Feasibility and Safety of Reduced-Dose Post-Transplant Cyclophosphamide Combined with Rabbit Anti-Thymocyte Globulin for Graft-Versus-Host Disease Prophylaxis: A Single-Center Retrospective Case Series
摘要
Post-transplant cyclophosphamide (PTCy) is an established strategy for graft-versus-host disease (GVHD) prophylaxis; however, the optimal dosing and its combination with anti-thymocyte globulin (ATG) remain unclear, particularly in matched sibling and haploidentical transplant settings. We conducted a retrospective, single-centre study including 15 consecutive patients who underwent allogeneic hematopoietic stem cell transplantation (allo-HSCT) between May 2025 and December 2025. All patients received reduced-dose PTCy (25 mg/kg on days + 3 and + 4) in combination with rabbit ATG, along with cyclosporine-based immunosuppression and mycophenolate mofetil (in haploidentical transplants). All 15 patients achieved successful primary engraftment. At a median follow-up of 240 days (range: 120–310 days), overall survival and event-free survival were 100%. Neutrophil and platelet engraftment occurred at a median of 13 days (range: 10–18 days) and 12 days (range: 9–17 days), respectively.
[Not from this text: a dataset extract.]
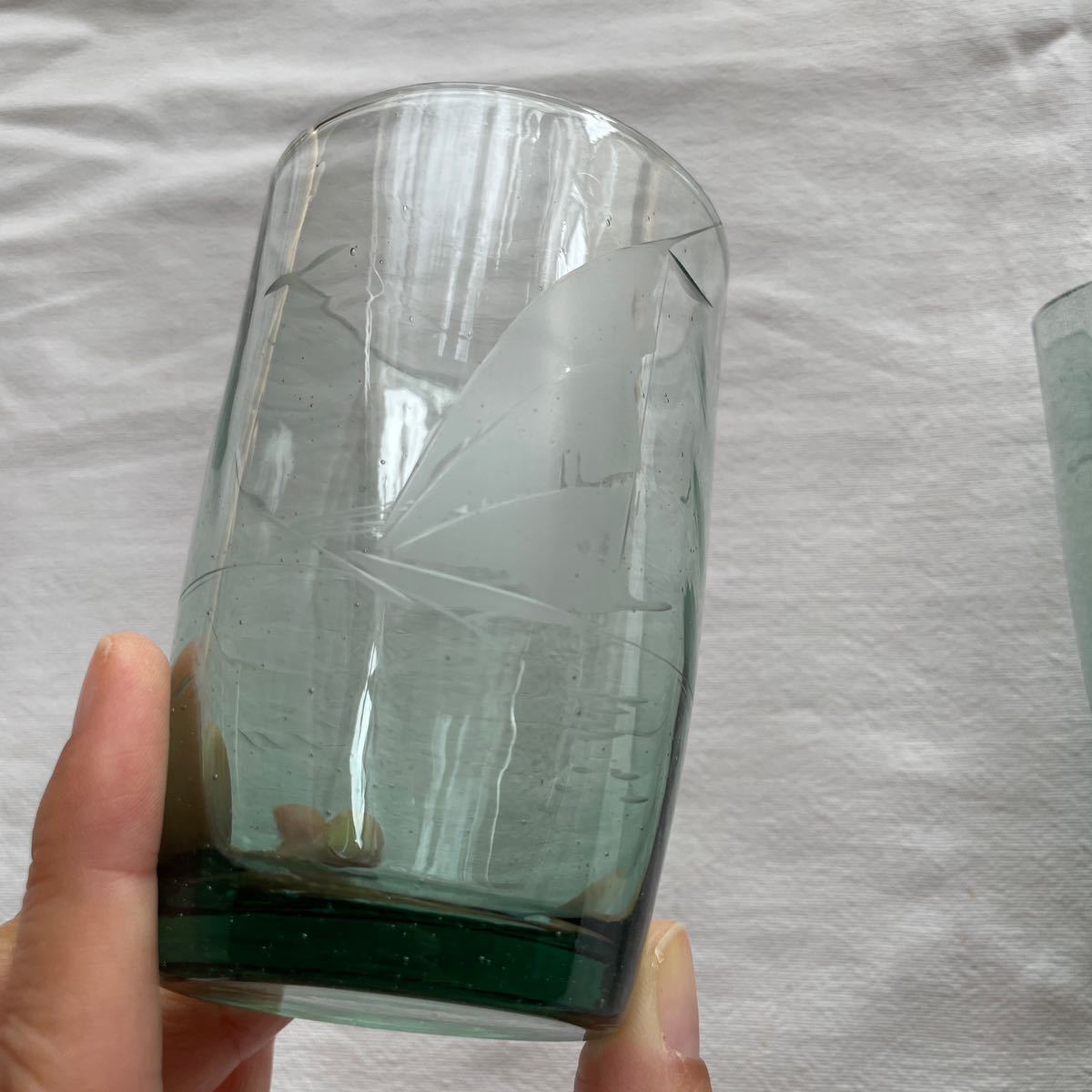 昭和戦前 ガラスコップ グラス 和ガラス 青緑 深緑 ヨット 船 海 エッチング 2点 Japanese vintage pressed glass cup_画像3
Grade II acute GVHD was observed in 2 patients (13%), with no cases of grade III–IV acute GVHD. Chronic GVHD occurred in 3 patients (20%) and was uniformly mild. Cytomegalovirus (CMV) reactivation was noted in 47% of patients. No cases of hemorrhagic cystitis, cardiotoxicity, bacterial or fungal infections, graft failure, or non-relapse mortality were observed. Reduced-dose PTCy combined with ATG appears to be a feasible and effective GVHD prophylaxis strategy with a favourable toxicity profile. However, the relatively high incidence of CMV reactivation highlights the need for optimized viral prophylaxis strategies. Larger prospective studies are required to validate these findings.